EU court rules in Google's favour: 'right to be forgotten' vetoed

Adviser says search giant should follow law but is not responsible for deleting weblinks

And adviser to EU’s highest court has made a statement stating that that Google does not have to remove personal information from its search results, even that information is damaging to an individual’s reputation.

The statement, delivered by advocate general Niilo Jääskinen is a blow against the long-running argument over the “right to be forgotten” in Europe. Although the court is not bound by Jääskinen’s opinion, in the majority of cases judges follow such recommendations.

"Requesting search engine service providers to suppress legitimate and legal information that has entered the public domain would entail an interference with the freedom of expression,” said Mr Jääskinen in a statement delivered on behalf of the court.

“Search engine service providers are not responsible, on the basis of the data protection directive, for personal data appearing on web pages they process,"

The case stemmed from the complaint of a Spanish man who, after his home was repossessed, found that an auction of his property could be found by Google. The man asked for this information to be deleted and Spain’s courts upheld the complaint.

This case was then referred to the European court of Justice in March 2012, after Google challenged the decision. It is one of 180 similar Spanish cases which are pending the court’s decision, not due before the end of 2013.

In an emailed statement Google’s Bill Echikson said that “This is a good opinion for free expression.
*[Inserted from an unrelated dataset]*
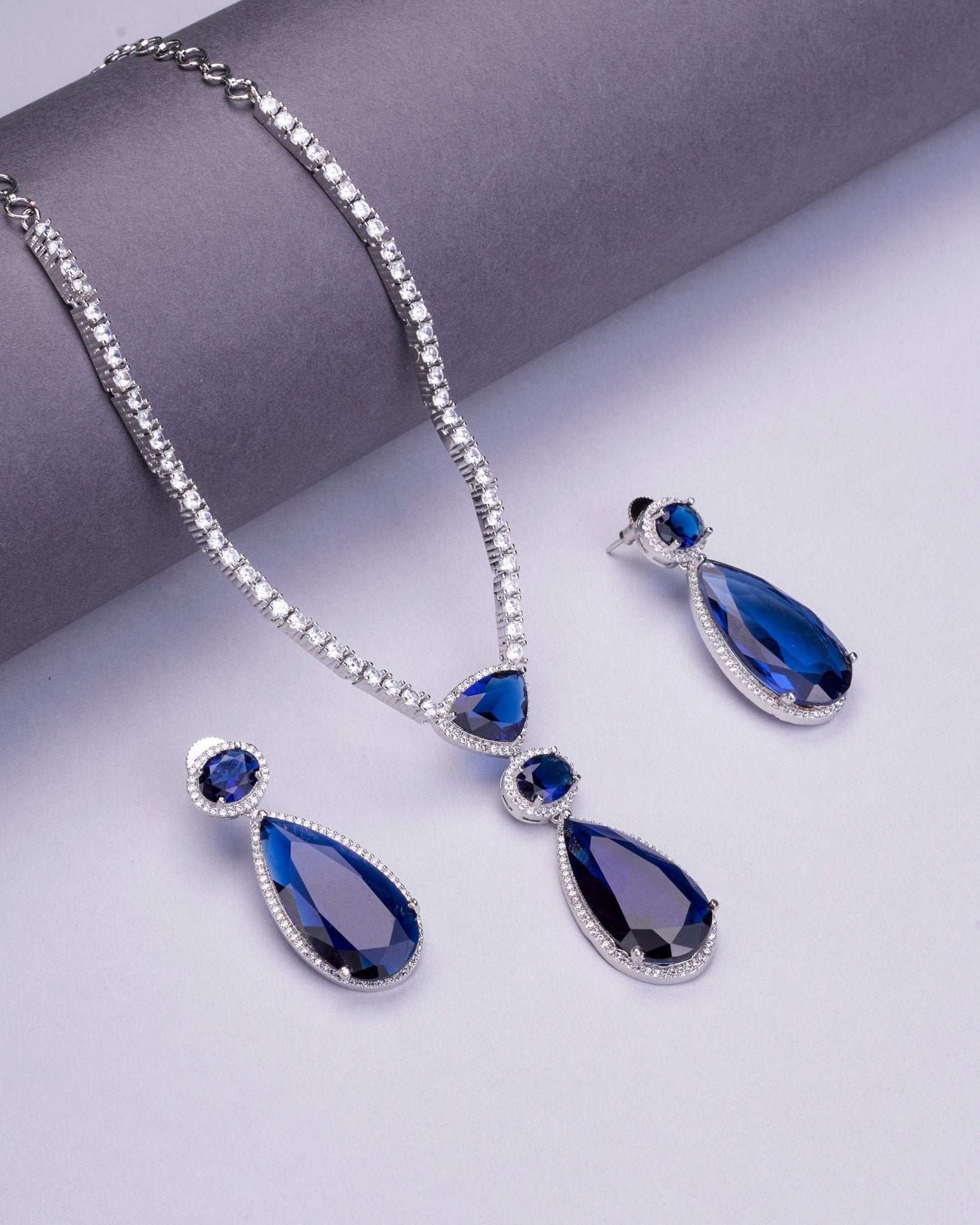 Opal Touch - Sapphire Glow Necklace - Necklace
We're glad to see it supports our long-held view that requiring search engines to suppress 'legitimate and legal information' would amount to censorship.”

Google have previously argued that there are "clear societal reasons why this kind of information should be publicly available” and, in an interview with the Financial Times, said that any restrictions would “really hurt innovation.

The court’s decision is based on a reading of the current Data Protection Directive, which controls how personal data appears on websites and whether companies like Google count as publishers or simply hosts.

Jääskinen judged that under current law Google cannot be considered a ‘controller’ of personal data and therefore has no responsibility to remove information, unless it is false, libellous or criminal.